Short web captions
-*-*-

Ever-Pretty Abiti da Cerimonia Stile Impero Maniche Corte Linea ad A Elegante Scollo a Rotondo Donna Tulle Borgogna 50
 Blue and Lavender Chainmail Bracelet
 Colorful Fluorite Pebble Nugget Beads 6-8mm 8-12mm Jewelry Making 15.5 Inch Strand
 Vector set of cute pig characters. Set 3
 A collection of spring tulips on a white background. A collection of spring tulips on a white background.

-*-*-

What is expected — All the data must be duplicated exactly, with nothing added or removed.

Answer section —
Ever-Pretty Abiti da Cerimonia Stile Impero Maniche Corte Linea ad A Elegante Scollo a Rotondo Donna Tulle Borgogna 50
 Blue and Lavender Chainmail Bracelet
 Colorful Fluorite Pebble Nugget Beads 6-8mm 8-12mm Jewelry Making 15.5 Inch Strand
 Vector set of cute pig characters. Set 3
 A collection of spring tulips on a white background. A collection of spring tulips on a white background.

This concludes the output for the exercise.